Comparative effects of canagliflozin and sitagliptin in chronically ischemic myocardium
Aim: Recent studies demonstrate that sodium-glucose cotransporter 2 inhibitors (SGLT2i) and dipeptidyl peptidase-4 inhibitors (DPP4i), two classes of antidiabetic drugs, are cardioprotective. However, the mechanisms of these benefits and their comparative efficacy remain unclear. We aimed to compare the effects of these antidiabetic agents on cardiac function, perfusion, and microvascular density using a swine model of chronic myocardial ischemia.

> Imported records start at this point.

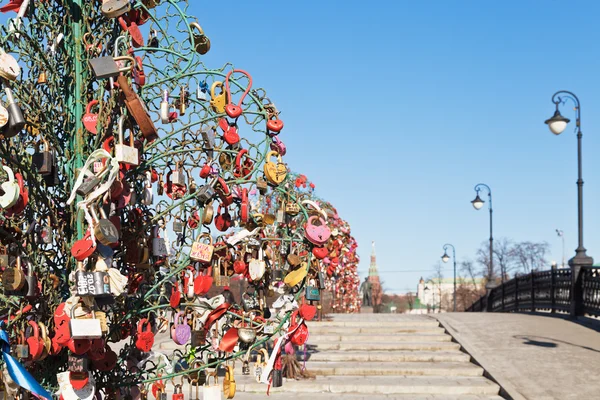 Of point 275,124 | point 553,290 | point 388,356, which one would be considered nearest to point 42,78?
point 275,124

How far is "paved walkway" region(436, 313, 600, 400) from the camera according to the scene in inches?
483

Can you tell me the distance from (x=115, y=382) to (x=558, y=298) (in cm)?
1847

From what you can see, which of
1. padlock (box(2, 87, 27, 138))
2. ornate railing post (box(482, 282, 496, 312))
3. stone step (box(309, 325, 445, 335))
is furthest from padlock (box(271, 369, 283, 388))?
ornate railing post (box(482, 282, 496, 312))

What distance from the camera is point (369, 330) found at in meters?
18.8

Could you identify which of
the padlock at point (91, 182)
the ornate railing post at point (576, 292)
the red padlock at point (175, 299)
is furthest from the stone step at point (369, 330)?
the padlock at point (91, 182)

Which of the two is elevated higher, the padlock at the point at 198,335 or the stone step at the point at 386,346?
the padlock at the point at 198,335

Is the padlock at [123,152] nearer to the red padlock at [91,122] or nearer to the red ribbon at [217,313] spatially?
the red padlock at [91,122]

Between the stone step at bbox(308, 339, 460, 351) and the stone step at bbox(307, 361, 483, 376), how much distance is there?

Methods: Chronic myocardial ischemia was induced in Yorkshire swine by ameroid constrictor placement to the left circumflex artery. Two weeks later, pigs were administered vehicle (“CON”, 8 pigs), 300 mg SGLT2i canagliflozin, (“CANA”, 8 pigs), or 100 mg DPP4i sitagliptin (“SIT”, 5 pigs) daily. Five weeks later, pigs were euthanized. Cardiac function, perfusion, collateralization, and protein expression were determined by pressure-volume catheter, microsphere analysis, immunofluorescence, and immunoblotting, respectively.
Results: Compared with SIT, CANA was associated with improved stroke volume and cardiac output, with a trend towards reduced left ventricular stiffness. Both CANA and SIT trended towards improved perfusion compared to CON, but there were no differences between the two treatment groups. SIT was associated with improved capillary density with a trend towards improved arteriolar density compared to CANA. Both CANA and SIT were associated with increased expression of vascular endothelial cadherin compared to CON, without differences in treatment groups. SIT pigs had decreased 5′ adenosine monophosphate-activated protein kinase activation compared to CON and CANA. There was a trend towards increased endothelial nitric oxide synthase activation in the SIT group compared to CON. There were no differences in activation of extracellular signal-regulated kinase 1/2 across groups.
Conclusions: In the setting of chronic myocardial ischemia, canagliflozin is associated with improved cardiac function compared to sitagliptin, with similar effects on perfusion despite differences in microvascular collateralization.